For compliance with local rules, a mandatory participant shall surrender sufficient amount of allowances, equivalent to the volume of its actual carbon emissions of the compliance year. The penalty for non-compliance varies from region to region.

A Pilot Enterprise is not allowed to “borrow” the allowances of the next year for the compliance, but may reserve the surplus allowances of a given year to subsequent years. Allowances can be traded in the carbon exchanges, though in some Pilot Regions restrictions are set (for example, in Chongqing, sale of allowances in a year shall not exceed 50% of the total amount of the annual allowances). Enterprises whose allowances are insufficient for compliance may purchase allowances on the carbon exchanges.

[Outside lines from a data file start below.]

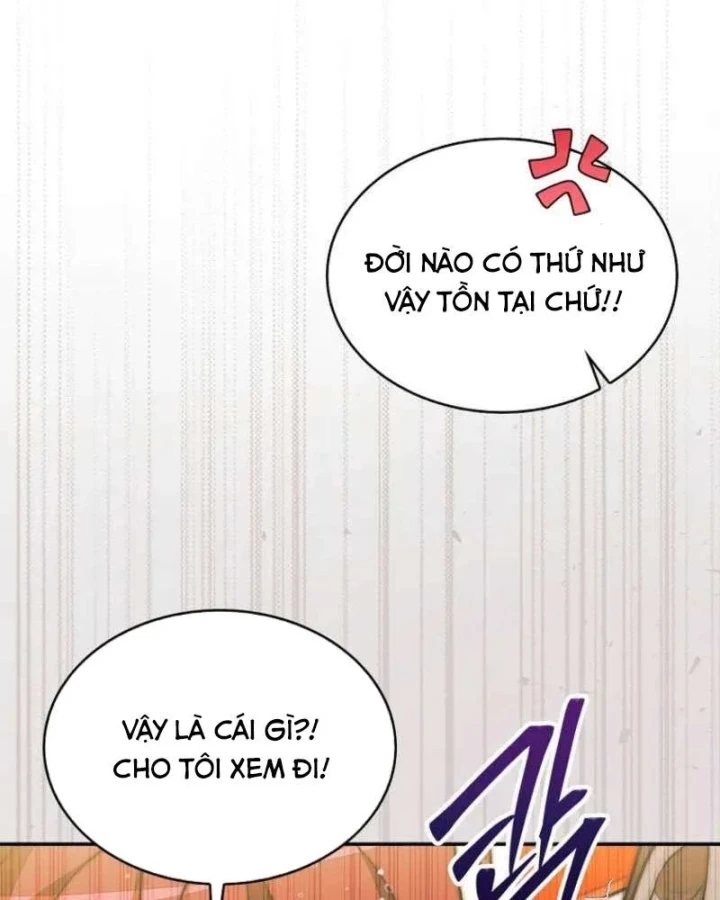 Quân Cờ Thứ 31 Lật Ngược Ván Cờ Chapter 118 - 79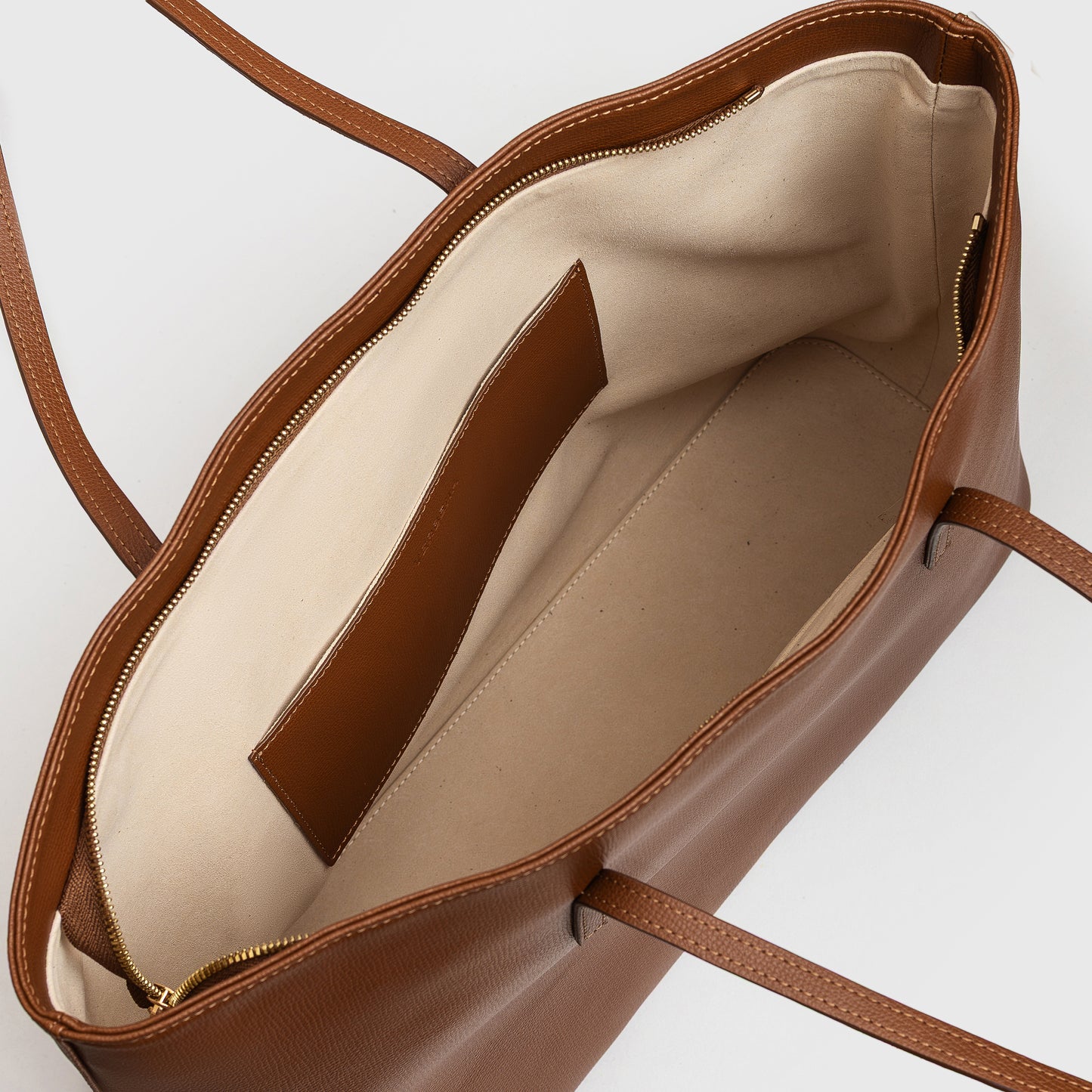 HOLDY BAG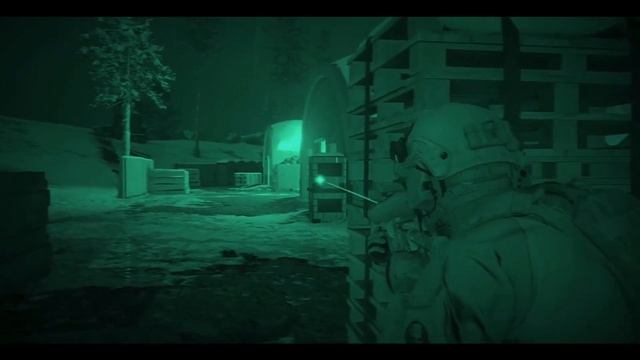 Ghost Recon: Breakpoint - [Spec Ops] OP: Paint it Black | MILSIM | Stealth Gameplay w/ No HUD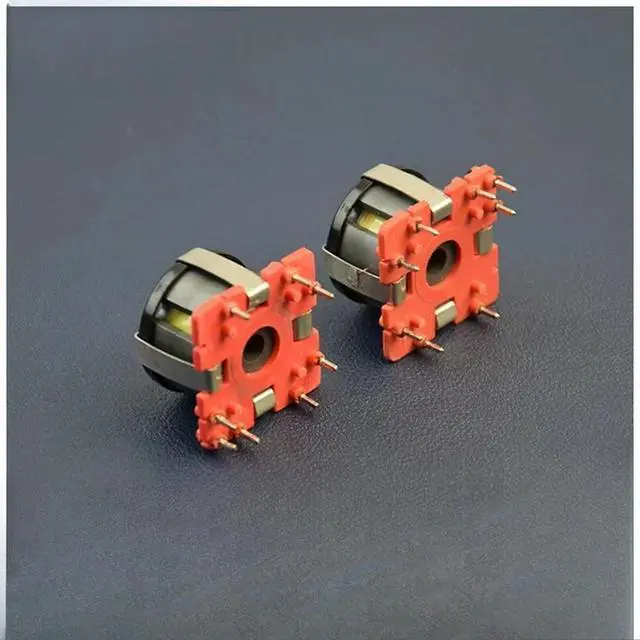 Alt view image 3 of 3 - Ds9050 nif 1073 preamplifier eq boost inductor transformer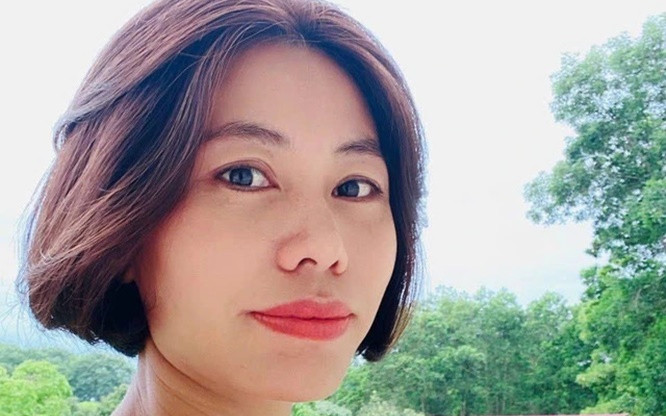 Bị lừa 2.7 tỷ đồng qua mạng, nhờ người giúp đỡ bị lừa tiếp số tiền không tưởng Ảnh 2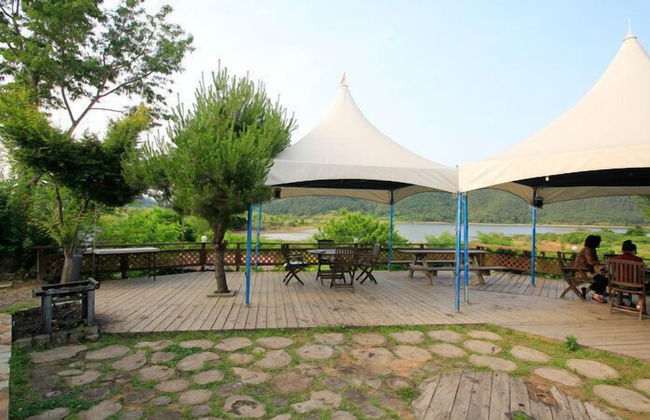 White House on the Hill HayanZip - Foto 37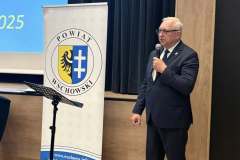 A.sympozjum-naukowe-37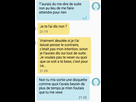https://image.noelshack.com/minis/2017/41/1/1507549919-screenshot-2017-10-09-13-47-40.png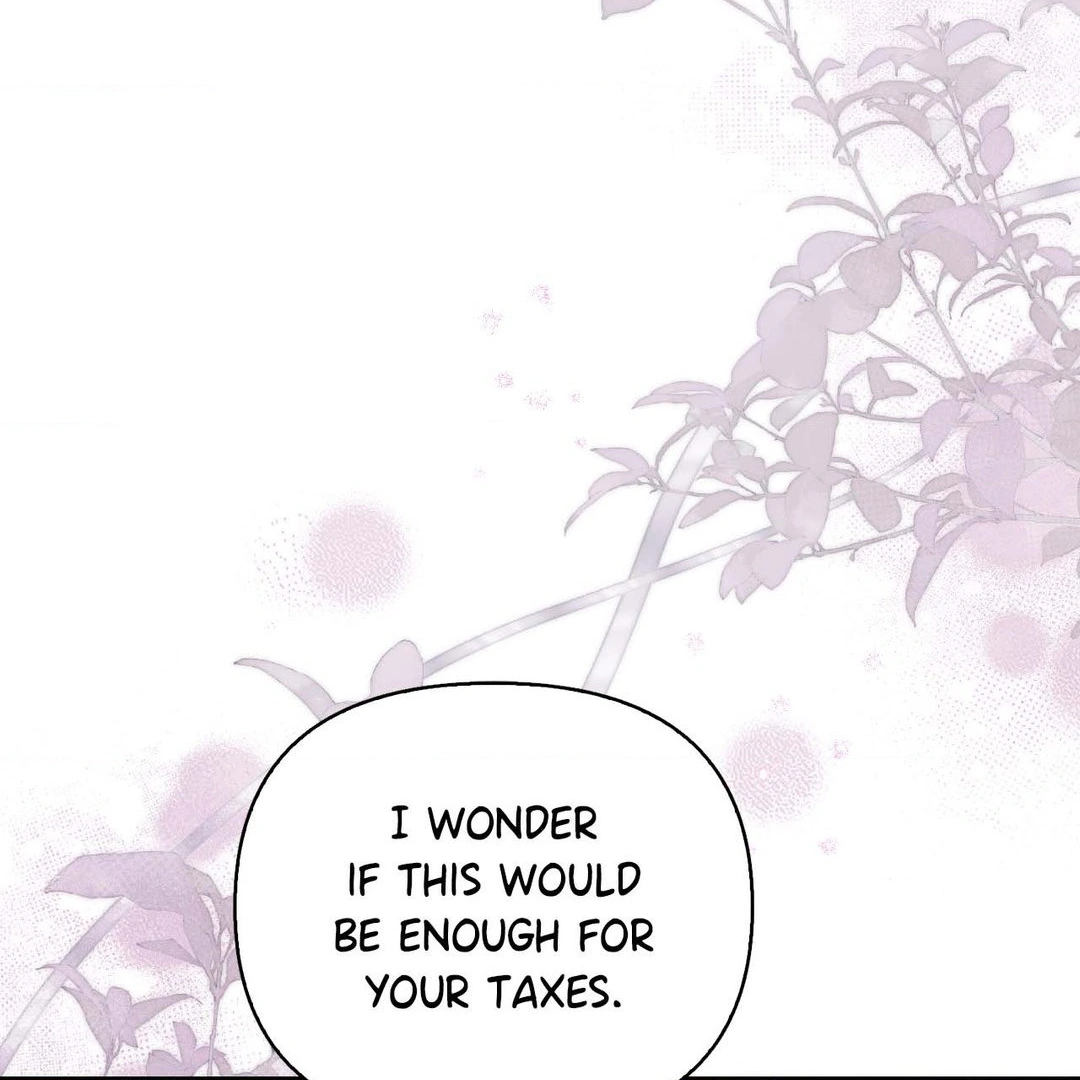 Read The Queen’s Secret Lessons Manga Online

The carbon emission allowances shall be traded on the designated carbon exchanges, referring to CBEEX (Beijing), SEEE (Shanghai), CEEX (Shenzhen), GZEEX (Guangdong), TCX (Tianjin), CHEEX (Hubei) and CCER (Chongqing). The credits eligible for trading are carbon emission allowances, CCER and other voluntary emission reductions and carbon credits certified or approved by relevant local authorities. Depending on the local rules, participants may trade carbon credits by listed trading, biding, auction, block trading, negotiated transfer and in other methods approved by the authorities. Trading price is fixed by negotiation between the parties; index/market price would be calculated every business day; and government may stabilize the price by throw-in or buy-back allowances when the price fluctuates sharply.

4. Operations in the First Year

Up to 25 July 2014, Beijing, Shanghai, Guangdong, Shenzhen, Tianjin, Hubei had completed the compliance audit for the first time. Results were announced in Shanghai, Guangdong, Shenzhen and Tianjin. In these four Pilot Regions, the average rate of compliance is 98.85%. Chongqing will complete its first compliance year on 20 May, 2015.

Carbon trading was still new to market players: in Beijing, the carbon trading in the period from 28 November 2013 to 25 July 2014 had only a cumulative volume of 2 million tons in quantity and RMB 98.63 million in value.

End Note

To be successful, the pilot ET Programs still need to establish a comprehensive, transparent, reasonably detailed and consistent regulatory framework, collect reliable emission data and statistics, build wide social recognition, and conduct extensive capacity building in the related industries.

The launch and operation of the Pilot ET Programs, and the systematical innovation in the Pilot Regions, however, have laid a solid foundation for the future development of China’s carbon market. Hopefully the second year of the Pilot Programs will present a more prosperous domestic carbon market in China.